Although, to be fair, the song "Diamonds are a Girl's Best Friend" is a triumph of crass, cynical protofeminism. Take it as something between a self-parody and a fun showtune, and the sentiment is great.

_There may come a time when a lass needs a lawyer
Diamonds are a girl's best friend
There may come a time when a hardboiled employer
Thinks you're awful nice, but get that ice or else no dice

He's your guy when stocks are high
But beware when they start to descend
It's then that those spouses go back to their louses
And diamonds are a girl's best friend_

Obviously, run far away if you meet a romantic partner with this attitude. Scream while you run. But the song still cracks me up.

Daniel


----------



## Seule (Feb 19, 2004)

LightPhoenix said:
			
		

> Diamonds aren't even that valuable! They're just _the_ perfect instance of artificial inflation of a product. I can't wait until our knowledge of chemistry and geology is good enough to create diamonds... I mean, it's just carbon matrices, right?



They already can, it's just that DeBeers (the diamond monopoly people) are trying as hard as possible to squash them. I've seen some scary stuff on the Internet about it. When someone came up with a process for creating diamonds under pressure that have very slightly different chemical signature due to some gasses used in the process, DeBeers started giving away the (very expensive) machine for detecting the difference to diamond evaluators for free. Plus all the blood diamonds they sell, the massive stockpile they maintain to keep prices artificially high, and all the international corruption, bribery and murder they sponsor to maintain their monopoly.

I refuse to buy diamonds on principle.

The full story was on Wired, but I can't find it there anymore.
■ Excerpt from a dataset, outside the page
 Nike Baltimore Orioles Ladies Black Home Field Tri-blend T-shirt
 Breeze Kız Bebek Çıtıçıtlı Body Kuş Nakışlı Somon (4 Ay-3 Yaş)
I can find this exerpt elsewhere though:
http://www.fif3.com/howto/archives/001982.html

Edit: Found the link:
http://www.wired.com/wired/archive/11.09/diamond_pr.html

  --Seule


----------



## KidCthulhu (Feb 19, 2004)

The whole "you should spend two month's salary on an engagement ring" rule that you'll read in bridal magazines?  Made up by the DeBeers marketing people.  I remember telling PirateCat that if he spent two months salary on a ring I'd beat him silly.
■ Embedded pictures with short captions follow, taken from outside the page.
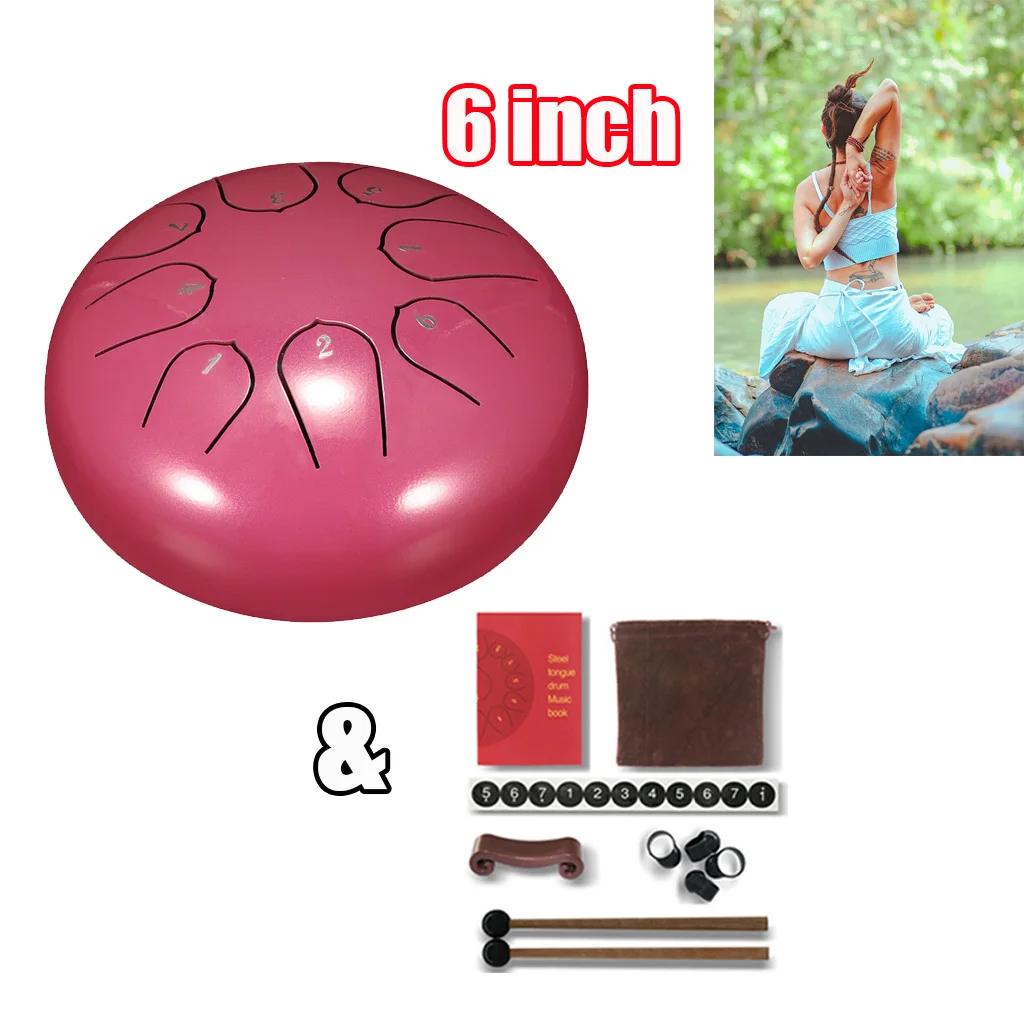 6 дюймов Сталь язык барабан C-ключ 8 Примечания Handpan барабана для начинающих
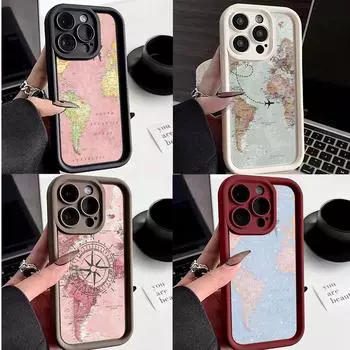 LZ24 Карта траектории самолета искусство силиконовый чехол для телефона Infinix Smart9 Hot 40i Tecno Camon20 Moto G22 G30 OnePlus Google Pixel9 противоударный задний чехол Infinix Hot 30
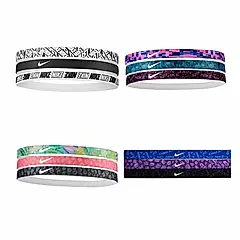 NIKE 印花髮帶 瑜珈頭帶 慢跑 健身彈力運動髮帶 3入/ 922 粉綠黑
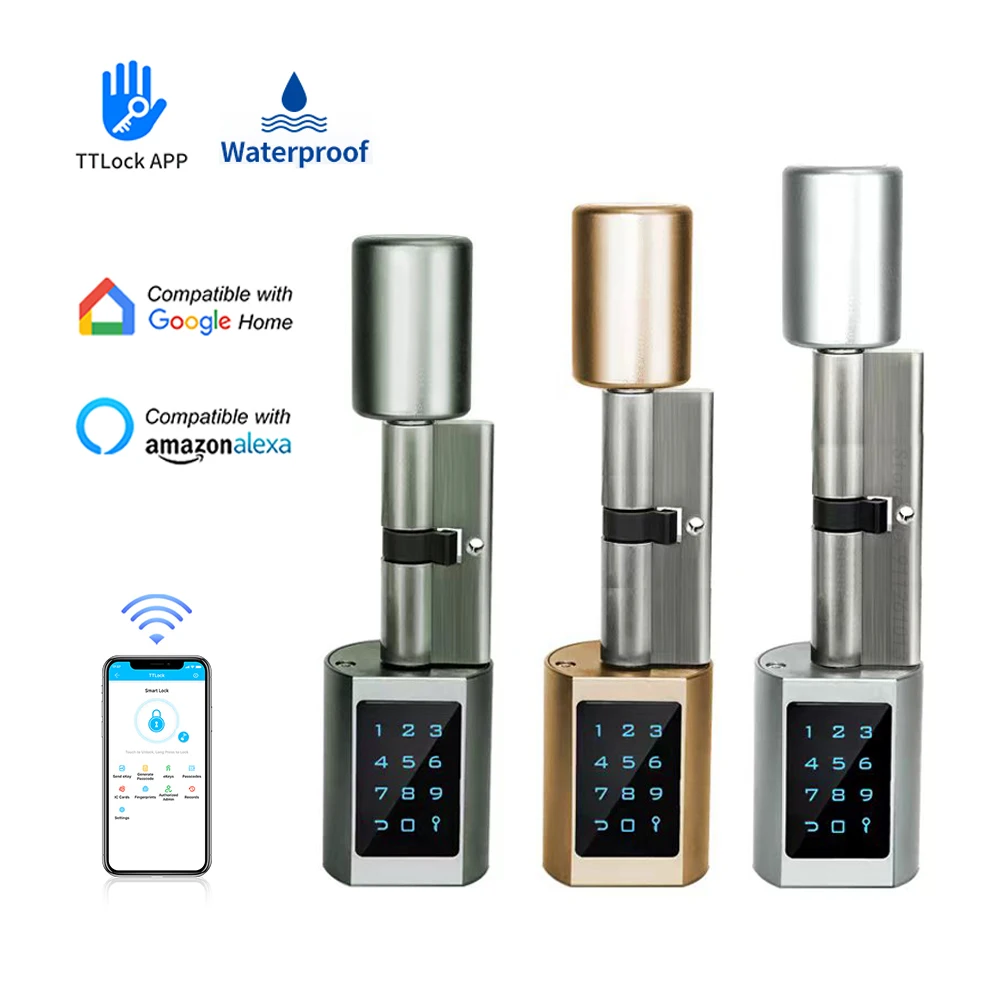 

Смарт-замок TTLock цилиндрический с цифровым кодом и RFID-картой, дистанционное управление через приложение Bluetooh, Wi-Fi замок для домашних квартир и систем снабжения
But I must admit I love my engagement ring.  Sapphire surrounded by diamonds.  Pkitty has nice taste.


----------



## the Jester (Feb 19, 2004)

Sapphires sure are pretty.

I think they're my favorite gemstone, personally.


----------



## Pielorinho (Feb 19, 2004)

Funny -- sapphires are what I got for MY wife's engagement ring.

Twice.

Stupid insanely-losing-valuable-things-self! 

Daniel


----------



## orchid blossom (Feb 19, 2004)

Sapphires are my birthstone.  I am rather fond of them.  I might even give up my engagement stereo for those.....


----------



## Pielorinho (Feb 19, 2004)

Well, heck, *orchid*, I've got an extra ring.... 

Daniel


----------



## LightPhoenix (Feb 19, 2004)

I just want to say that Wired story was great.  I assume it helped that I understood all the science behind it too... those are both _very_ simple concepts.  The vapor method especially, all it really takes is finding the proper combination of variables... though I'm sure Apollo is going to sit on that combination for as long as possible, unfortunately.  It would be great if they released that data and finally took down "the cartel".


----------



## Sialia (Feb 19, 2004)

Hmmm.  I wondered where everybody had got to.
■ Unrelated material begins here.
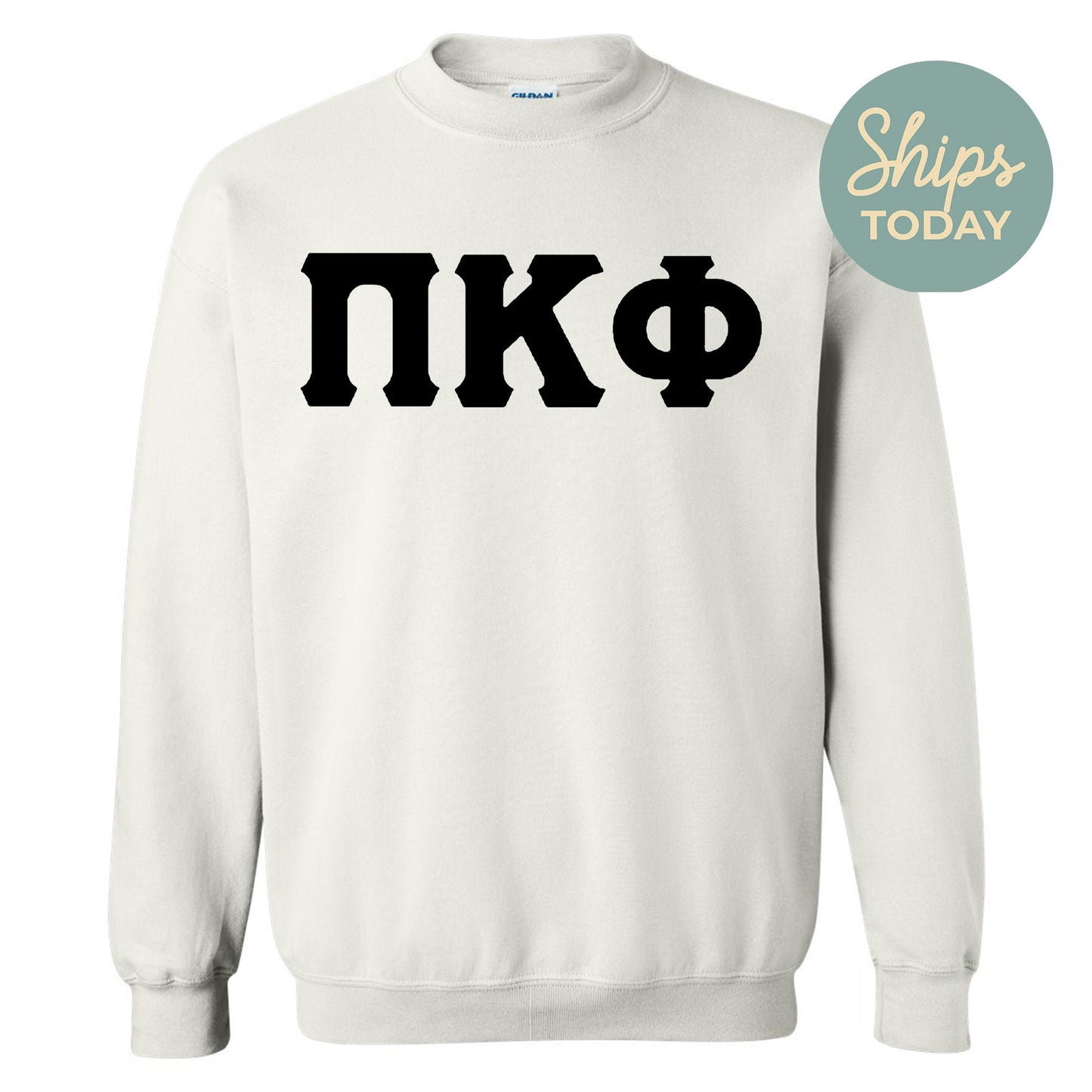 Pi Kappa Phi Black Letters Fraternity Sweatshirt _ 34926g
Hi there!  I found you!  (waves madly)


Bandeeto and I were so busy having fun, we completely forgot that it was Valentine's day. We didn't remember about it until we got back online three days later and P'cat's thread was covered in it. (eeyuw)

Which says good things about how much fun we are having still being in love.

Sympathy hugs to those of you still looking for your perfect match, and kudos to those who have figured out how to do just fine without one.


----------



## orchid blossom (Feb 20, 2004)

Pielorinho said:
			
		

> Well, heck, *orchid*, I've got an extra ring....
> 
> Daniel





Find the first one after you bought the second did'ja?


----------



## Wolfspirit (Feb 20, 2004)

Heh, personaly, if I was proffessing my love and wishes to marry a girl, I wouldn't choose something that was going to be replaced in a couple years (like a stereo).  If I was avoiding the "ring" approach, I'd probably go with something impractical yet symbolic, possibly something I made myself.

Then maybe a stereo.


----------



## Pielorinho (Feb 20, 2004)

orchid blossom said:
			
		

> Find the first one after you bought the second did'ja?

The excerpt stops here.